After a hotline complaint of forced labor, immigration agents removed her from George's home last May. Her whereabouts could not immediately be learned.

George was released on her own recognizance after an initial court appearance this week.

Her lawyer, Donald Kinsella, said Thursday that she will deny the charge.

"We just dispute what's alleged in the complaint. There's several exaggerations, gross errors," he said.

According to investigators, V.M. told them through a Hindi-speaking translator that she communicated with George, her husband and other family members in Malayam, an Indian dialect common to the Kerala region, where she and the couple came from.

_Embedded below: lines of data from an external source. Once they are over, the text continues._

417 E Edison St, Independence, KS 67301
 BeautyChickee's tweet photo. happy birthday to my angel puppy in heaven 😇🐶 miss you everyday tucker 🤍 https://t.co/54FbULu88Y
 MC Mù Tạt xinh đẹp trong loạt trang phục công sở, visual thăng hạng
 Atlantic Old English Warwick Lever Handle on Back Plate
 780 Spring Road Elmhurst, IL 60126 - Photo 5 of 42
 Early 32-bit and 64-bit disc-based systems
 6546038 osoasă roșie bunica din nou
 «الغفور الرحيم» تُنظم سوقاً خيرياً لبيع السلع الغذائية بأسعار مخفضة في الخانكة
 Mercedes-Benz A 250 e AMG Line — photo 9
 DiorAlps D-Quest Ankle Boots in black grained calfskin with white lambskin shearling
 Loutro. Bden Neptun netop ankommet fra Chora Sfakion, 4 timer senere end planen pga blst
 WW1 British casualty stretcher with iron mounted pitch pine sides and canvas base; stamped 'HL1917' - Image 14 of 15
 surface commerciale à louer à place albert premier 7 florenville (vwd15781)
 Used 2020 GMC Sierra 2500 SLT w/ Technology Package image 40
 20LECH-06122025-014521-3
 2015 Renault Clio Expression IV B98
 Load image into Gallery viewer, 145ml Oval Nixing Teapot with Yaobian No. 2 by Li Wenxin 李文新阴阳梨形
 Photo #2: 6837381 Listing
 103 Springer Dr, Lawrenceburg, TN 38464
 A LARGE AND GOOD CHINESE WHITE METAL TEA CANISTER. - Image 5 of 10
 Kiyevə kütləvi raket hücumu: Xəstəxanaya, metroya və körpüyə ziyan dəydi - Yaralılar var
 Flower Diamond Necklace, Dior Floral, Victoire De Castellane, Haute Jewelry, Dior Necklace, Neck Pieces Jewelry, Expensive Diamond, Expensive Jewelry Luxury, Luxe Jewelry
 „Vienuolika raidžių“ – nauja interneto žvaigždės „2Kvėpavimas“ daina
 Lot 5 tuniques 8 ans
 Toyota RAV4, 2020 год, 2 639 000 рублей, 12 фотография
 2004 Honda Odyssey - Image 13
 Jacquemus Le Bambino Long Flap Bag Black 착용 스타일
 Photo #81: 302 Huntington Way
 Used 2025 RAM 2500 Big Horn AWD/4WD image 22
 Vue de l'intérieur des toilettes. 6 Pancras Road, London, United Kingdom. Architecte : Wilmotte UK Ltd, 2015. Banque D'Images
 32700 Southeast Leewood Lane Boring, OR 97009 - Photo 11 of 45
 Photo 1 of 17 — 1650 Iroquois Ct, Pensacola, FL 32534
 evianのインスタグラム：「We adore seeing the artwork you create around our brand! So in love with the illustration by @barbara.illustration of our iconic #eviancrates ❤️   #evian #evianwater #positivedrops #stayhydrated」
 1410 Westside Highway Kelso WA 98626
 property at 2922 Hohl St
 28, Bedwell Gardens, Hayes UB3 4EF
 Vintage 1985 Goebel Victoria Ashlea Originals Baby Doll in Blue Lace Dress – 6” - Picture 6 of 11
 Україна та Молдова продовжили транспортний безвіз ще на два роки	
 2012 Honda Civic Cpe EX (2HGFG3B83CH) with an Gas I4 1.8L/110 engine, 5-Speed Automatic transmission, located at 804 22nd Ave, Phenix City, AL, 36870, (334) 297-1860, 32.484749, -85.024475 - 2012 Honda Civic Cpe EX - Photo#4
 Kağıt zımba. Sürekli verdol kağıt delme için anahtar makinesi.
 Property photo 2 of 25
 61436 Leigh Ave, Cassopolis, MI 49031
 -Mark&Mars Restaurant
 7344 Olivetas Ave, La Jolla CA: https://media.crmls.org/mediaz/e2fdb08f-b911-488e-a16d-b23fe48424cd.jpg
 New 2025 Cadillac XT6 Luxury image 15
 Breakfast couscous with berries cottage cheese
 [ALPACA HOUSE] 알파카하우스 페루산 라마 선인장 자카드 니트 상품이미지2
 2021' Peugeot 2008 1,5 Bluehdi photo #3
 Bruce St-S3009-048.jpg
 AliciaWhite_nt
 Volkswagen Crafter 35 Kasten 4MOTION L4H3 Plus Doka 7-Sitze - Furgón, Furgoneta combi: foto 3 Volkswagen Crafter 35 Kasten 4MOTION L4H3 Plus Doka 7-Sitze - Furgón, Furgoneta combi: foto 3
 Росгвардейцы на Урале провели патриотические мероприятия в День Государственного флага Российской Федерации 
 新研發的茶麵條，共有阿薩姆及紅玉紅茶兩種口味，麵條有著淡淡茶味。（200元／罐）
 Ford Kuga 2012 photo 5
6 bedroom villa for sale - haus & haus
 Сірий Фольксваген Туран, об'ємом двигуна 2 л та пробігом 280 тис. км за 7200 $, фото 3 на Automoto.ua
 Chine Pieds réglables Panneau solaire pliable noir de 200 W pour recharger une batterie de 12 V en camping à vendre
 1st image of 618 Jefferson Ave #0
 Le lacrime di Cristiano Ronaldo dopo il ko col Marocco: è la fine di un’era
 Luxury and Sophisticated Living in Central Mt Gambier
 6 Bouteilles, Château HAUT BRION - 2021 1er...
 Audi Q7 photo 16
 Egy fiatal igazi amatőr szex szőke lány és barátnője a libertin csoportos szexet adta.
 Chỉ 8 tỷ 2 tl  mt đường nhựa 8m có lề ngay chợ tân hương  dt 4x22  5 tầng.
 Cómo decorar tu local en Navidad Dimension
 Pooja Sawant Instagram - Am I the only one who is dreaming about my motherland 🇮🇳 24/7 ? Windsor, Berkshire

V.M. said she could not drive and seldom left the residence, and that her own family didn't visit from India.

Investigators said a labor department assessment indicated V.M. was lawfully entitled to about $77,000 for her last two years of employment and about $206,000 for the approximately six years.

An affidavit by special agent Daria Botten said the woman recounted asking George, also known as Annie Kolath and Sajimol George, and her husband to let her return to India, but was told she lacked the necessary immigration documents. George brought her to see an attorney, and deducted $4,000 from her pay, but she never got documents.

George's husband and oldest son died in a plane crash in 2009.